**PROBLEM DESCRIPTION:** Leave the pictures in the listing below aside and reproduce exactly the lines starting with the one with "1302 LOOK OUT CT, Columbia, MO 65202" and going on through the one with "ZARA HOME СКАТЕРТЬ-ДОРОЖКА", both ends included.

**SUPPLIED INFORMATION:**

"""

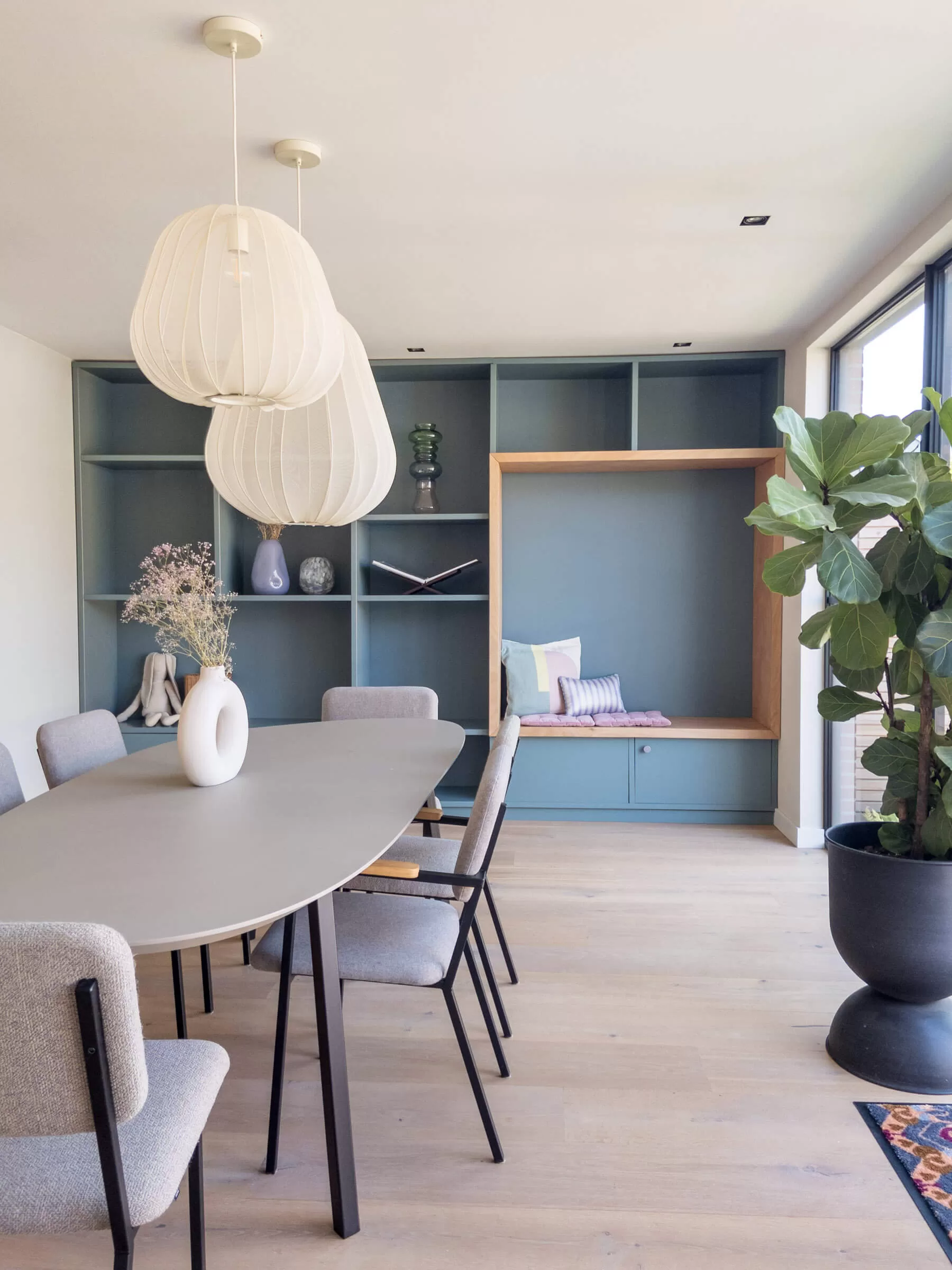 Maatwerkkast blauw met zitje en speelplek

"""
"""

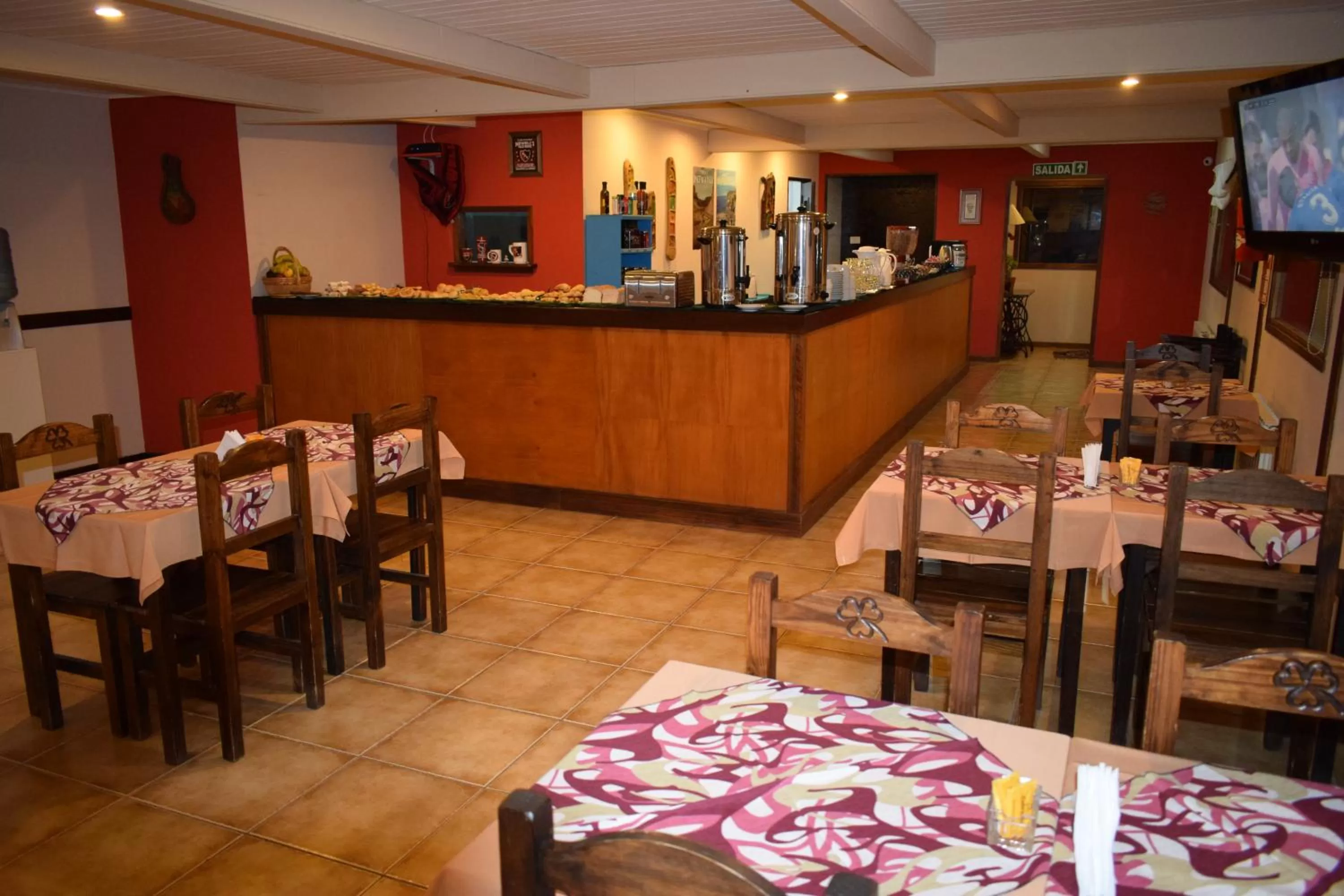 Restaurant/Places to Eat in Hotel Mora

"""
"""

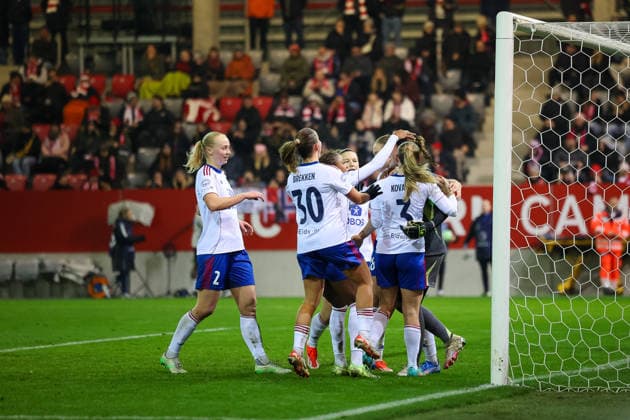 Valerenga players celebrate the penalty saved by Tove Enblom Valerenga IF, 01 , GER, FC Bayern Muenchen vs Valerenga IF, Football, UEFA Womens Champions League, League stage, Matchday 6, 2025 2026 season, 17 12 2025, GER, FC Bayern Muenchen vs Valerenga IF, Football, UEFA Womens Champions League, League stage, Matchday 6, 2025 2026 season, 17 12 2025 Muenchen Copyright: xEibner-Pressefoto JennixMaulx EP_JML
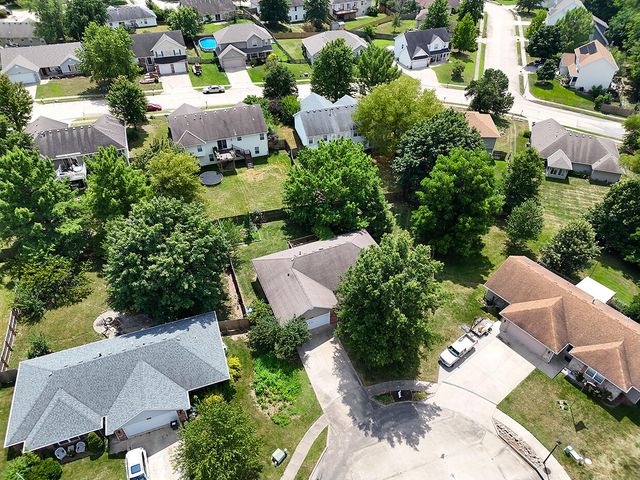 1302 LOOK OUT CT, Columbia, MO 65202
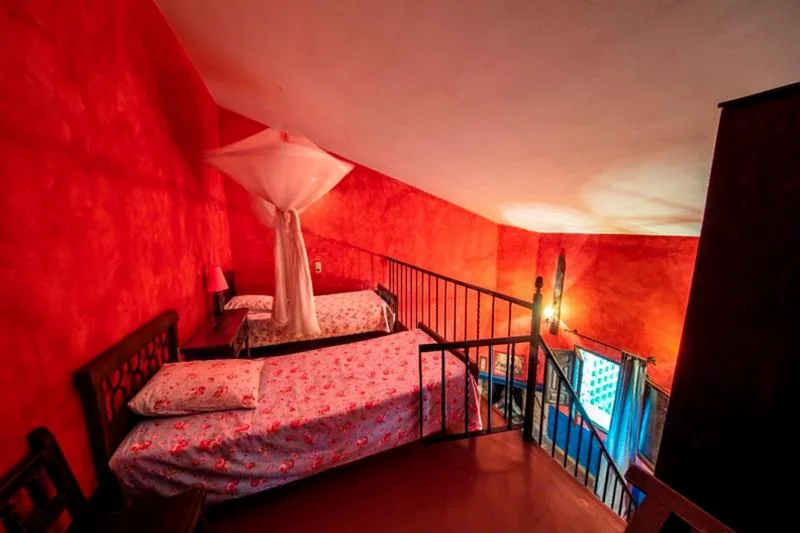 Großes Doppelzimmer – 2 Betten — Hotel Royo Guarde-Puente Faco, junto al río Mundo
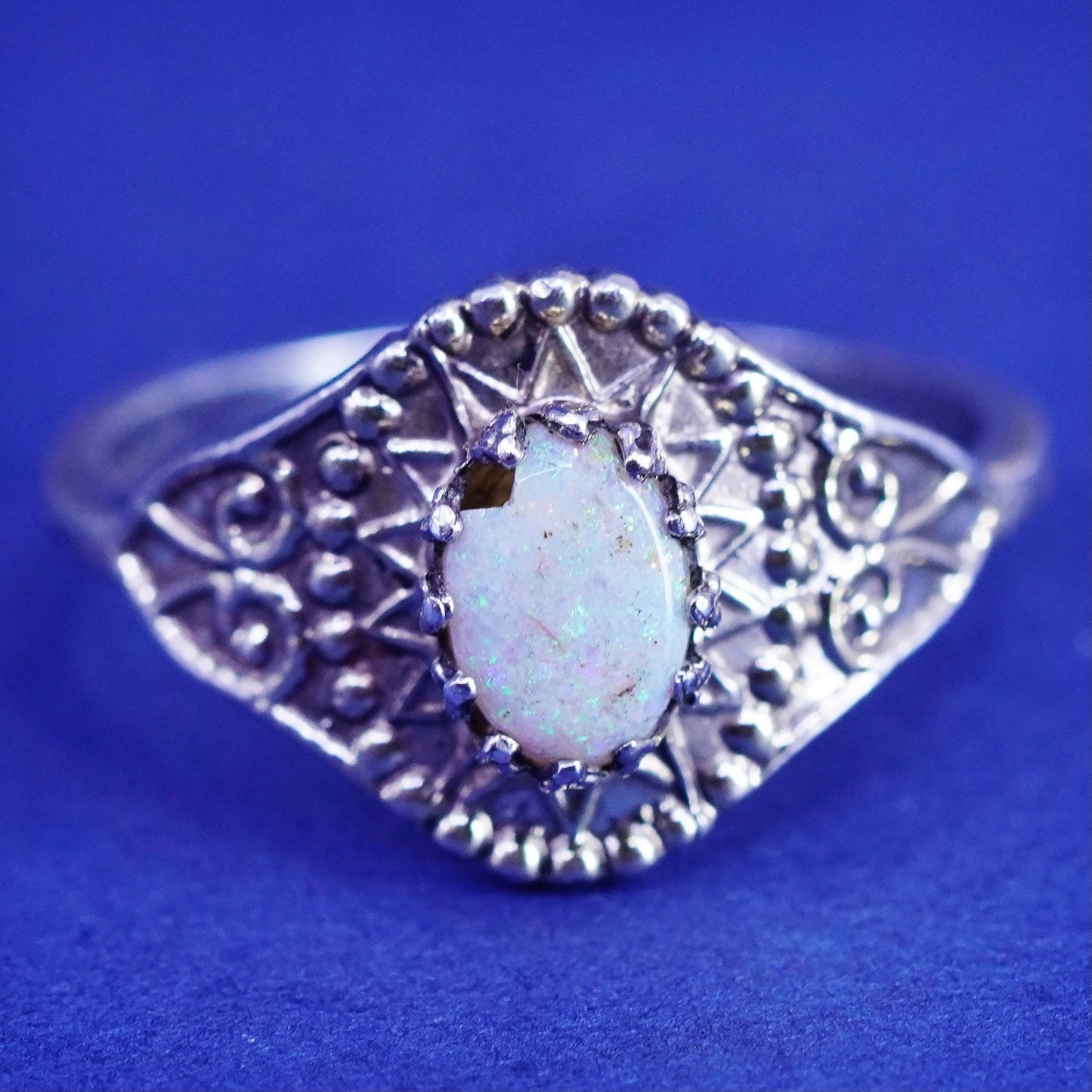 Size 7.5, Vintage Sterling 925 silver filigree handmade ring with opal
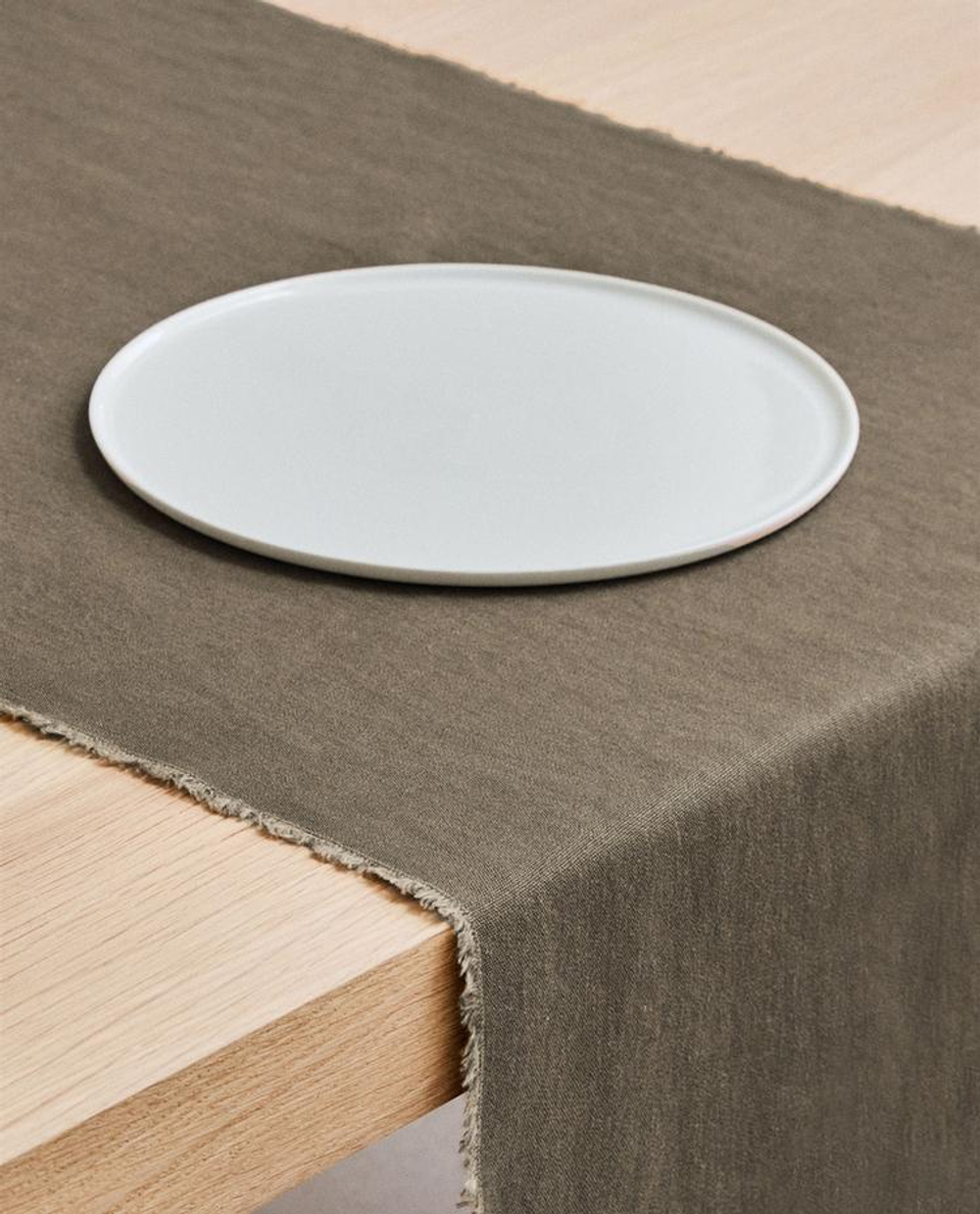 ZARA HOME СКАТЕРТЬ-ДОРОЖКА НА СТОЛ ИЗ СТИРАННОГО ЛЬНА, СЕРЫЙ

"""

**TASK ANSWER:**
 1302 LOOK OUT CT, Columbia, MO 65202
 Großes Doppelzimmer – 2 Betten — Hotel Royo Guarde-Puente Faco, junto al río Mundo
 Size 7.5, Vintage Sterling 925 silver filigree handmade ring with opal
 ZARA HOME СКАТЕРТЬ-ДОРОЖКА НА СТОЛ ИЗ СТИРАННОГО ЛЬНА, СЕРЫЙ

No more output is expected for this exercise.